子どもを保護する役目を担っているはずの児童施設には、非常に劣悪な環境のものがある、ということは、たしか「43回の殺意」に書かれていた。それが、この本にも登場する。もちろん、子どものためを思い、大事に育てる施設もたくさんあるのだろう。だが、ただただ子どもを「生かしておく」だけの施設もある。放置された子どもたちは、排便後の処理も知らず、体や頭の洗い方も、歯の磨き方すら知らずに育ってしまう。そして、単なる経験不足であるにもかかわらず、知的障害の診断をくだされる場合すらあるのだ。

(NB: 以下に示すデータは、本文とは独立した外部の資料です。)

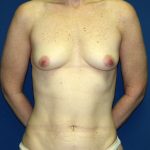 Breast Reconstruction Before & After Patient #1833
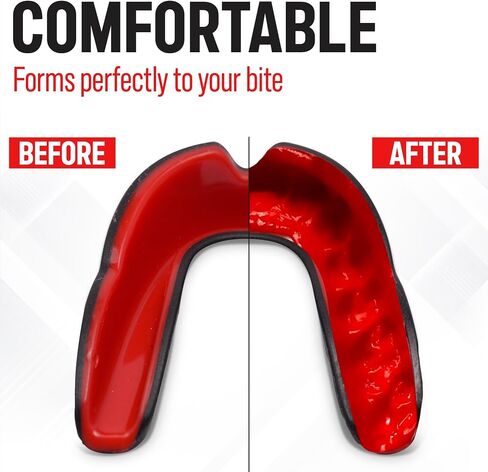 Sports Mouth Guard for Boxing, MMA, UFC, Muay Thai, Football, Lacrosse and Hockey - Men and Women Mouthguard for Adults, Youth and Kids with a Protective Breathable Case (Basil) in Kuwait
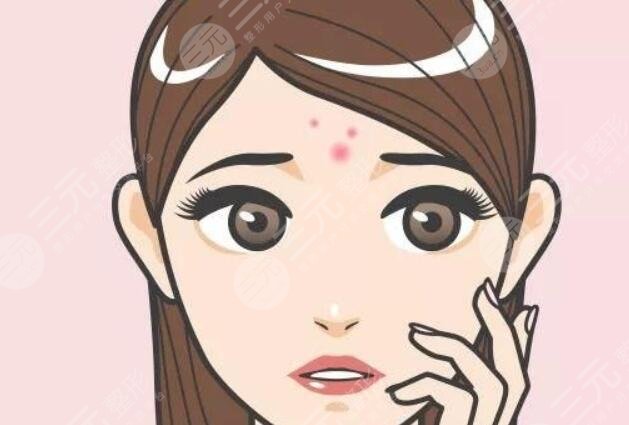 额头长痘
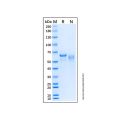 Recombinant Human SMAD4 Protein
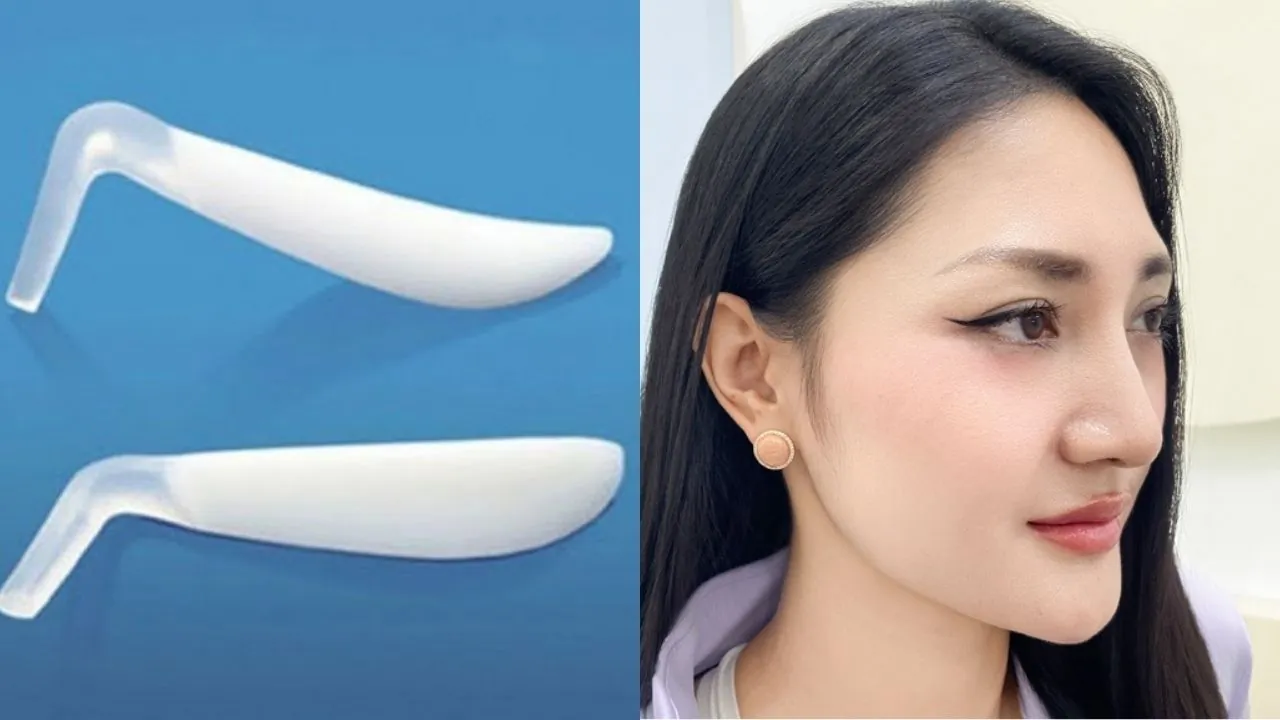 vật liệu nâng mũi và dáng mũi sau phẫu thuật, thể hiện sự khác biệt giữa sụn nhân tạo và kết quả nâng mũi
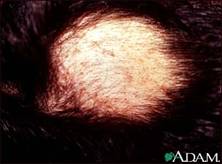 Hypnosis May Improve Type of Hair Loss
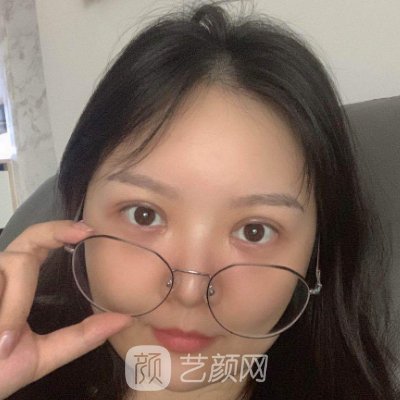 沈阳袁继龙医生做双眼皮好吗?医生实力及实例公开
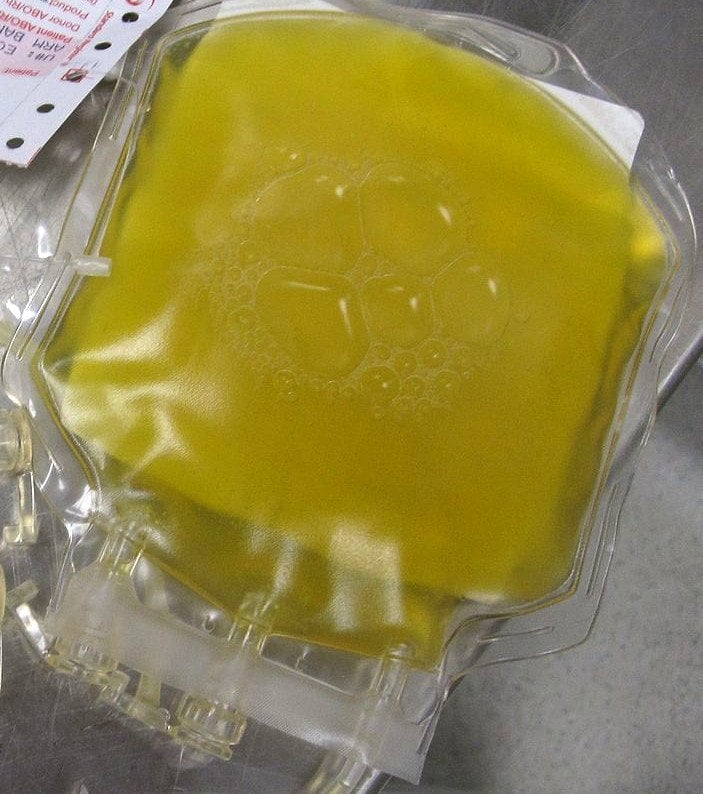 Plasma fresco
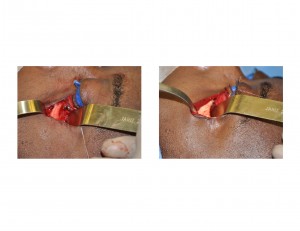 Orbital Asymmetry Correction intraop Dr Barry Eppley Indianapolis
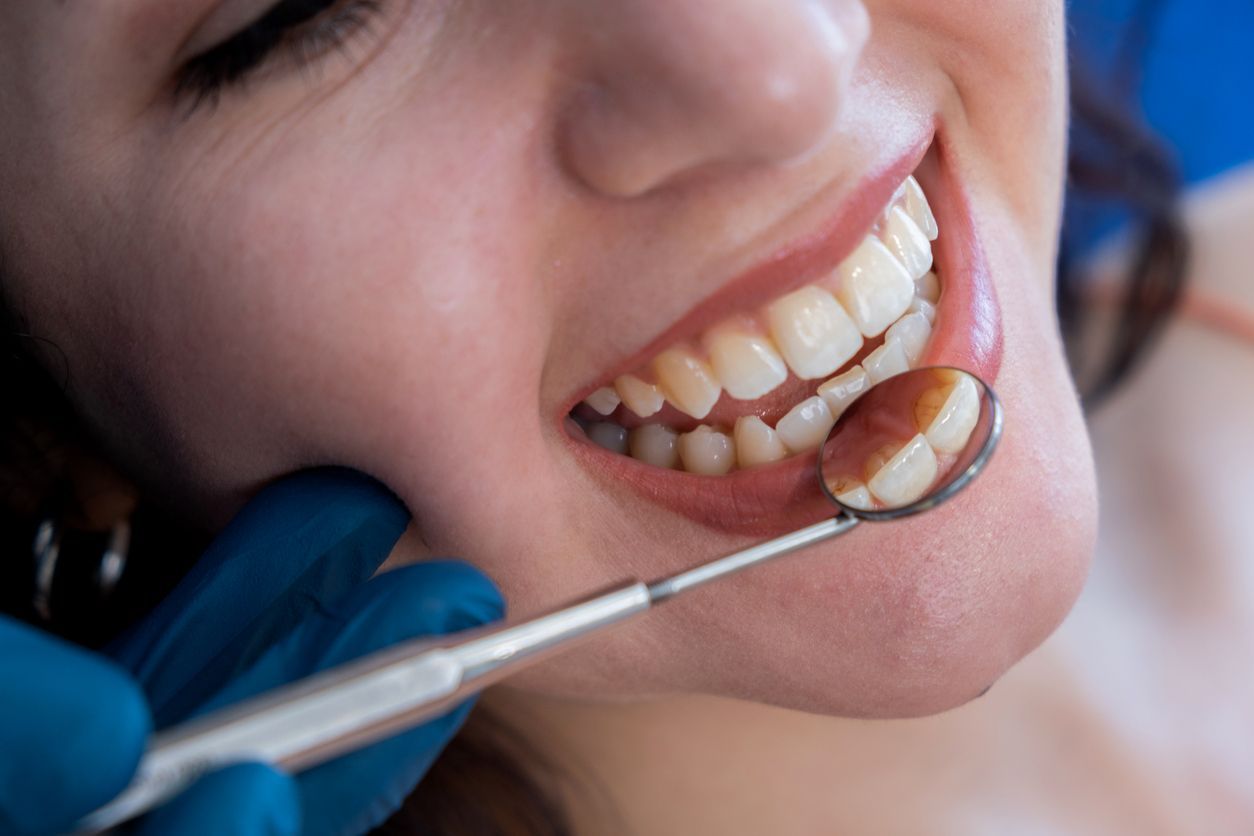 Dental Checkup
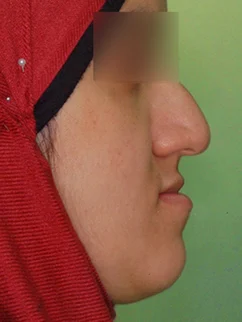 Before: Before and after treatment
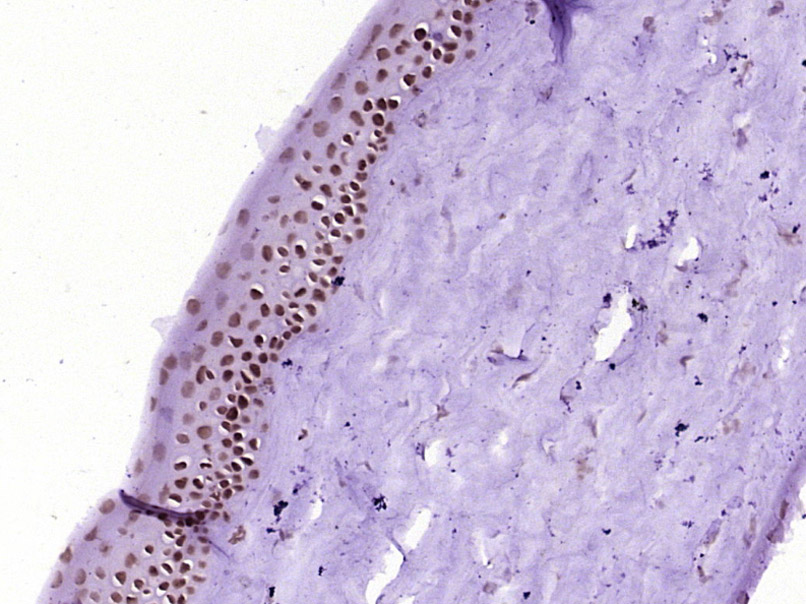 Paraformaldehyde-fixed, paraffin embedded Rat eye; Antigen retrieval by boiling in sodium citrate buffer (pH6.0) for 15min; Block endogenous peroxidase by 3% hydrogen peroxide for 20 minutes; Blocking buffer (normal goat serum) at 37°C for 30min; Antibody incubation with PITX3 Polyclonal Antibody, Unconjugated (bs-2364R) at 1:400 overnight at 4°C, DAB staining.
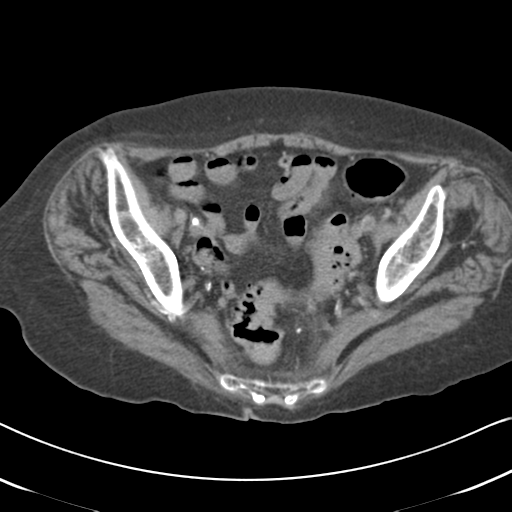 Active bleeding from duodenal ulcer with embolization (Radiopaedia 34216-35481 Axial non-contrast 55).png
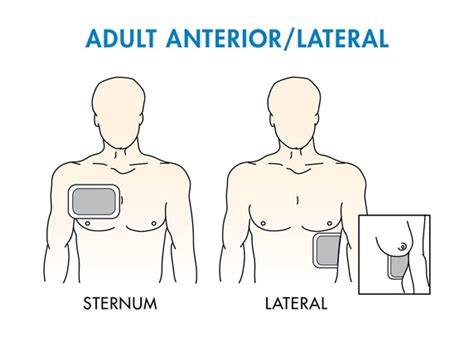 AED Pad Placement | Where to Put Pads on Adults & Children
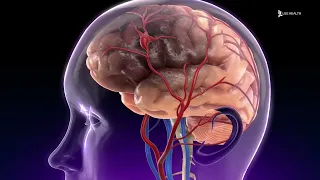 What is a Brain Aneurysm?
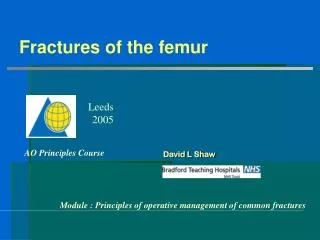 Fractures of the femur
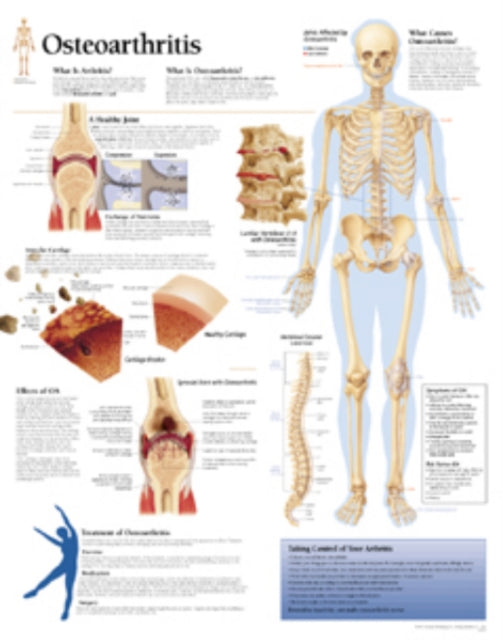 Book cover of: Osteoarthritis Paper Poster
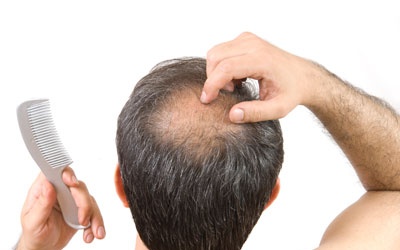 Nam giới hói đầu có nguy cơ cao bị ung thư tuyến tiền liệt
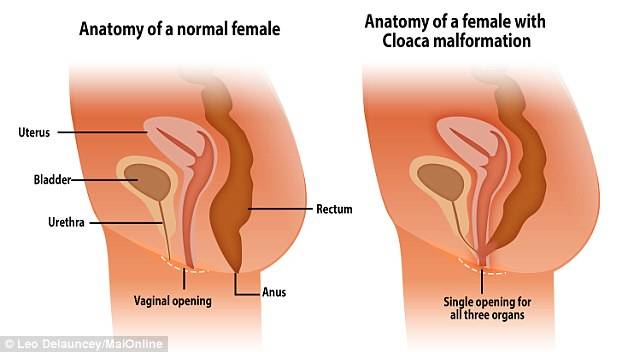 “走后门”也能怀孕？一个百万分之一的病例……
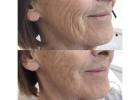 Envy Aesthetics – Best Skin Booster Injections for Radiance and Hydration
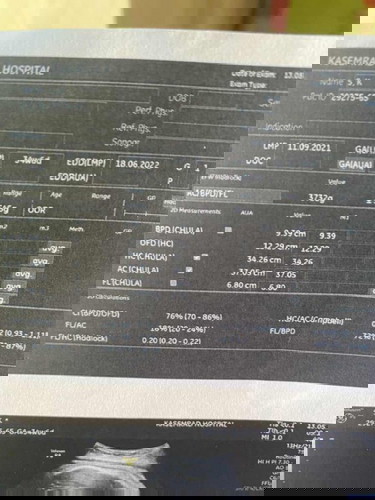 สอบถามแม่ๆค่ะ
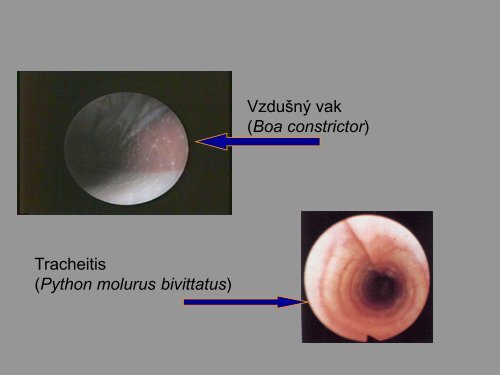 KLINICKÃ MORFOLOGIE - PLAZI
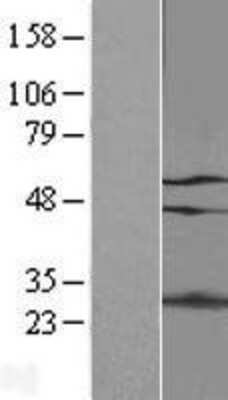 Western Blot: p66 alpha Overexpression Lysate [NBP2-06953]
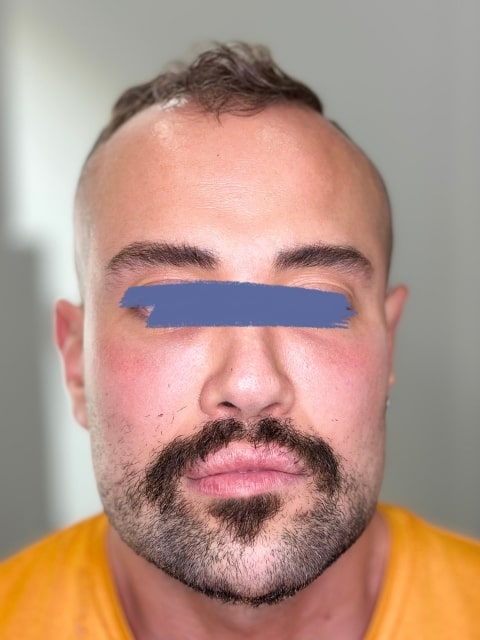 Before Male Cat Eyes PDO thread lift procedure at our Montreal aesthetic clinic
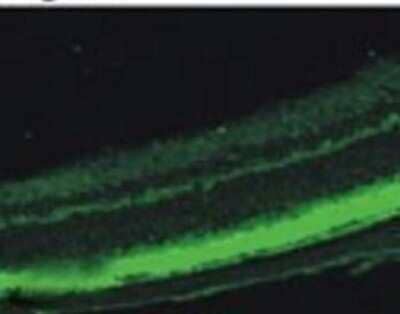 Immunocytochemistry/ Immunofluorescence: PDE6 beta Antibody [NB120-5663]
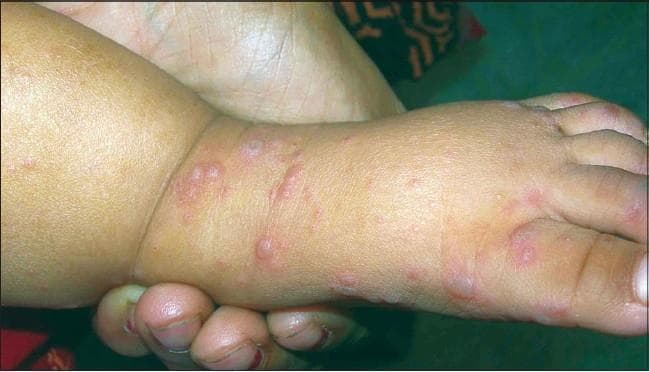 Clinical photograph of a pediatric patient's lower extremity, focusing on the dorsum of the foot and distal lower leg. The image shows a scattered papulovesicular eruption characteristic of Hand, Foot, and Mouth Disease (HFMD). The lesions consist of multiple small (approximately 3-10mm) erythematous papules and clear to gray-tinged fluid-filled vesicles. Many lesions exhibit a distinct peripheral erythematous halo. The vesicles are varied in morphology, appearing round, oval, or elongated. There is a higher concentration of lesions across the dorsal surface of the foot and extending toward the anterior ankle and distal leg. No secondary changes such as crusting, ulceration, or honey-colored scaling are visible. The clinical presentation is consistent with a viral exanthem, specifically Coxsackievirus or Enterovirus infection, which typically manifests as vesiculobullous lesions in specific acral and oral distributions.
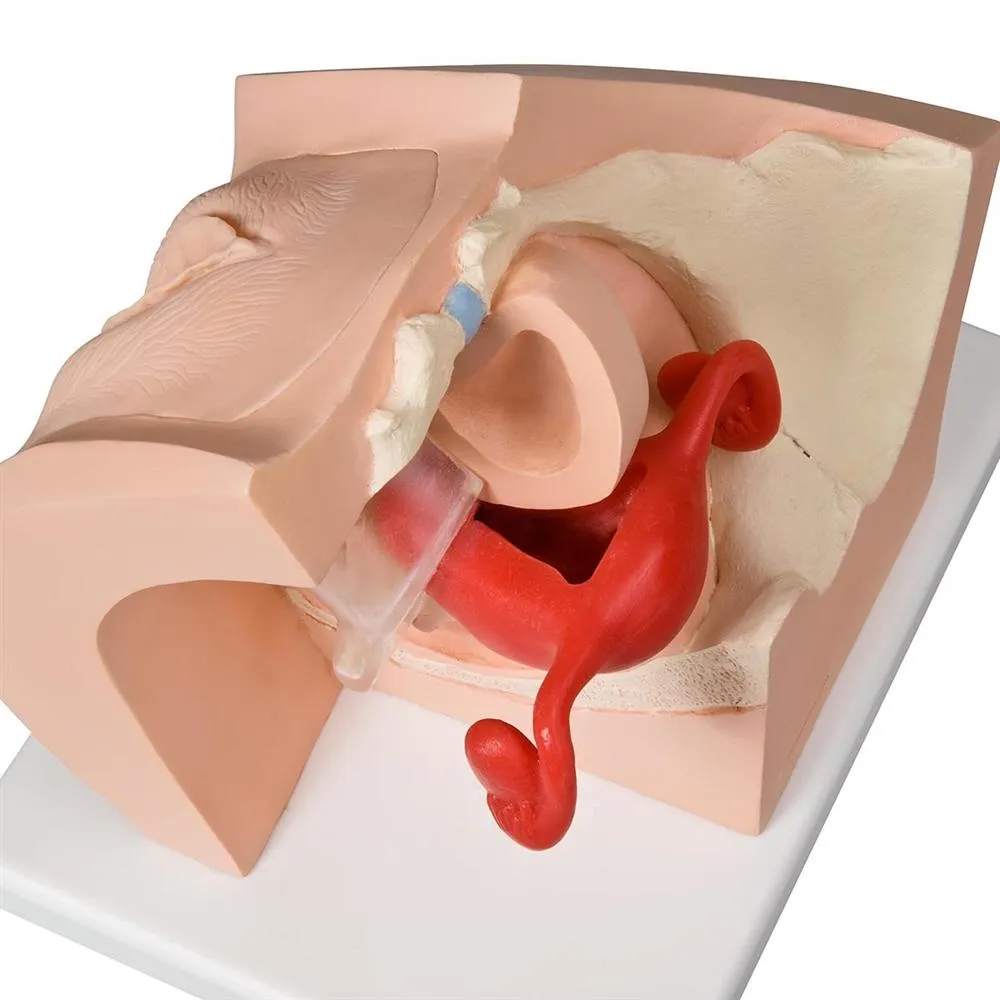 Gynecological Patient Education Model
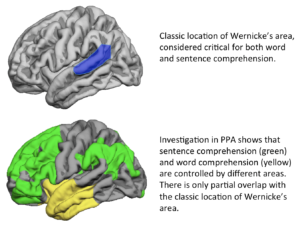 Aphasia_Diagram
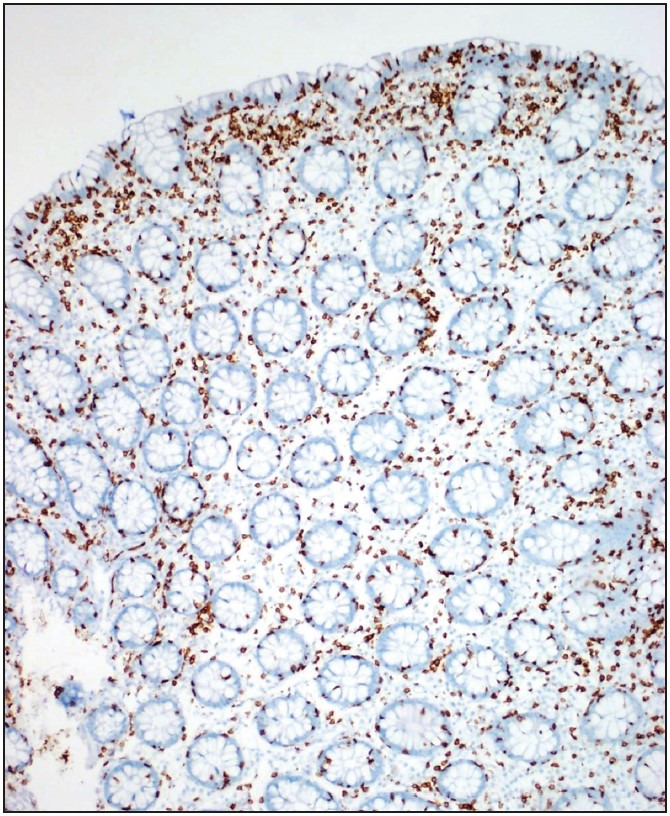 Analysis of Clinical and Histopathological Findings in Microscopic Colitis.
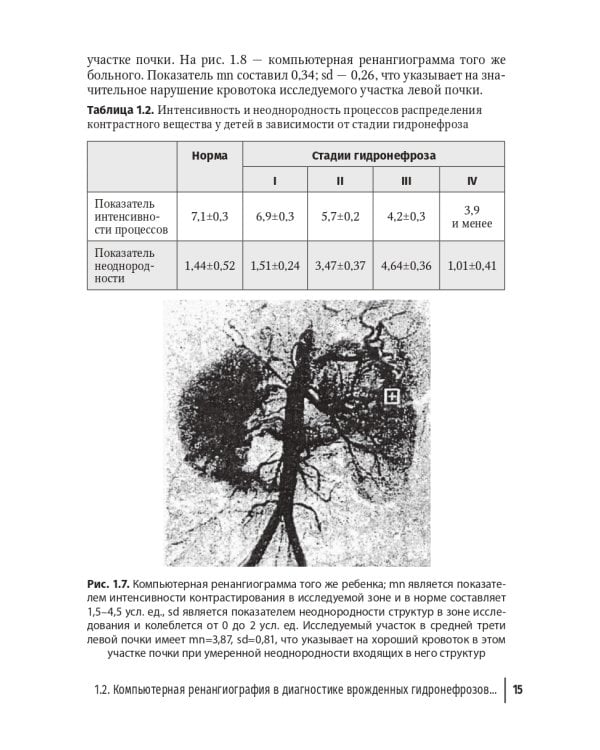 Редкие заболевания мочеполовой системы в детском возрасте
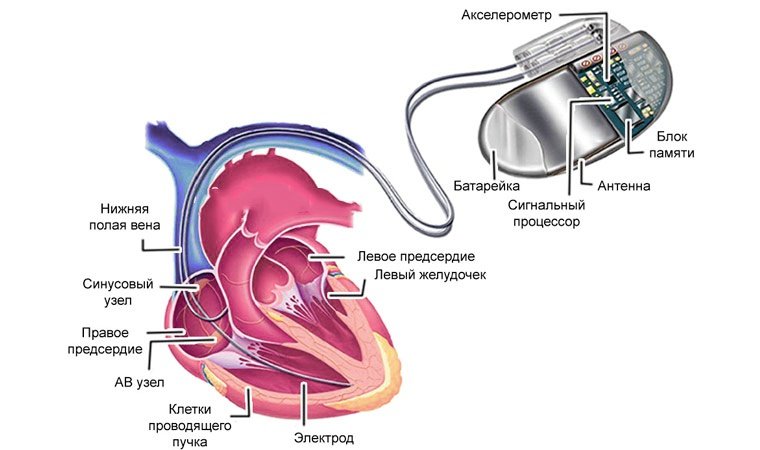 Кардиостимулятор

私は里親となって、そんな被虐待児を育てようと思えるほどの器ではない。器ではないが、そういう不幸な子どもたちが一人でも減るように、どうしたらいいのか、なにかできることはないのか、とただただ考える程度の狭い器なら持っている。そしてまた、幼い子どもを育てている間の閉塞感、どうしても感情をコントロールできなくなってしまうイラつきなども、身を持って知っている。たぶん、私だけでなく、子どもを育てたことのある人なら、誰しも似たような気持ちは持つだろうとも思う。

この本に描かれたような事実を、もっと多くの人が知ったら。皆が現実を共有し、少しでも被虐待児を守り、かつ、虐待してしまう親たちを救うことができたなら。そう思うばかりだ。